Réuni le 17 mars 2009,

Ayant achevé l’examen de la communication no 1406/2005 présentée au nom de Anura Weerawansa en vertu du Protocole facultatif se rapportant au Pacte international relatif aux droits civils et politiques,

Ayant tenu compte de toutes les informations écrites qui lui ont été communiquées par l’auteur de la communication et l’État partie,

Adopte ce qui suit:

Constatations au titre du paragraphe 4 de l ’ article 5 du Protocole facultatif

1.L’auteur de la communication est M. Anura Weerawansa, de nationalité sri-lankaise, actuellement détenu dans une prison de Sri Lanka après avoir été condamné à mort. Il se déclare victime de violations par l’État partie du droit à la vie consacré à l’article 6 du Pacte international relatif aux droits civils et politiques. La communication semble également soulever des questions au regard de l’article 7, du paragraphe 1 de l’article 10, et de l’article 14 du Pacte. L’auteur est représenté par son frère, M. Ron. Pat. Sarath Weerawansa.

Exposé des faits

2.1Le 8 mars 2002, l’auteur a été arrêté et sa déclaration a été enregistrée; il affirme que celle‑ci a été faite sous la contrainte. Le 4 avril 2002, il a été inculpé d’entente en vue d’assassiner un fonctionnaire des douanes, Sujith Prasanna Perera, au cours de la période comprise entre le 21 et le 24 mars 2001, ainsi que d’avoir aidé le deuxième et le troisième accusé à commettre le meurtre du fonctionnaire, le 24 mars 2001. Il n’a pas été autorisé à communiquer avec sa famille pendant sa détention. Il a été représenté par un avocat de son choix, dès l’audience préliminaire, et jusqu’au procès en appel.

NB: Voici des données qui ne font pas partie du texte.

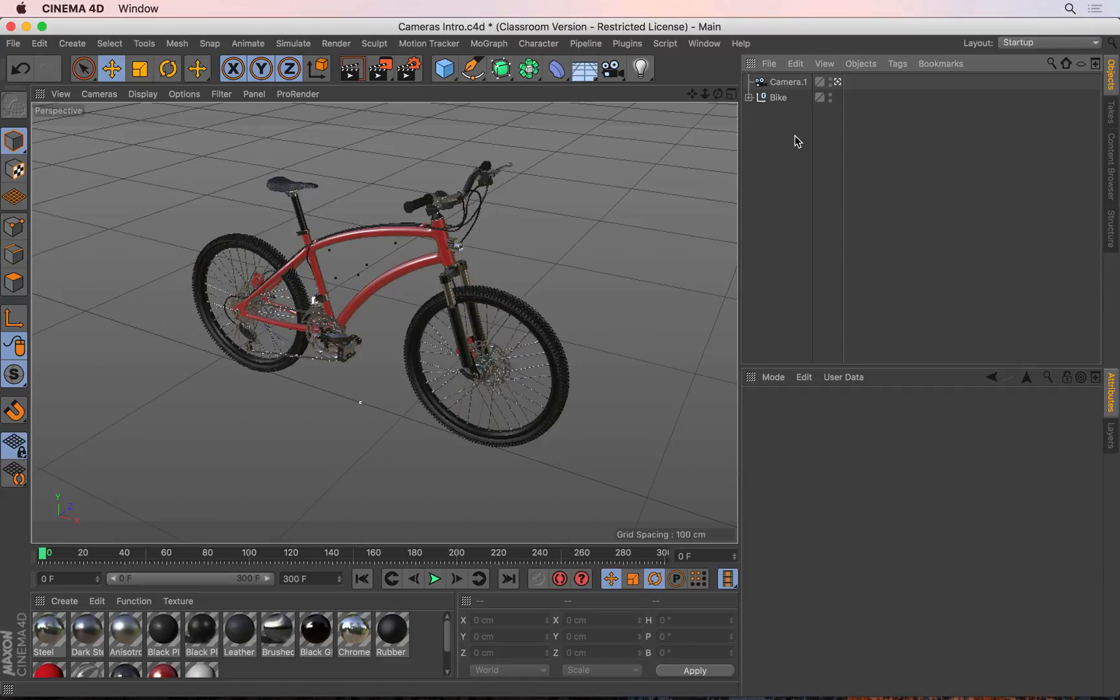In this tutorial, we'll look at creating a spline and then placing a camera on that spline so that the spline can be used as the motion path of the camera. Let's have a look at how that's done.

2.2Le procès a commencé le 8 mai 2002, et le jugement a été rendu le 1er octobre 2002. L’auteur a été reconnu coupable des chefs d’inculpation retenus et condamné à mort par pendaison. Le 24 novembre 2004, la Cour suprême, composée de cinq juges, a rejeté son recours et confirmé la condamnation et la peine. On ne sait pas si l’auteur a sollicité la grâce présidentielle.

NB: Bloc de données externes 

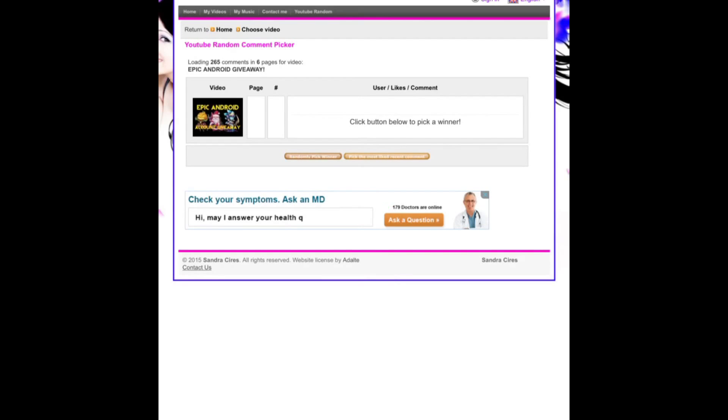Maybe you even saw your name go by there if you commented. But 256 comments so I'm going to be picking three winners basically.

2.3L’auteur explique qu’avant sa condamnation il a été amené, en tant que fonctionnaire des douanes, à engager des poursuites contre des agents du Gouvernement, raison pour laquelle il avait été une fois victime d’une entente et accusé d’avoir partie liée avec les LTTE; il avait été détenu pendant huit mois en 1996. Il avait ensuite été indemnisé pour arrestation et détention illicites. Il affirme que sa condamnation dans le cas d’espèce est également le résultat d’une entente, parce qu’il avait engagé des actions en vue de faire arrêter un certain nombre de personnages clefs impliqués dans des activités de blanchiment d’argent.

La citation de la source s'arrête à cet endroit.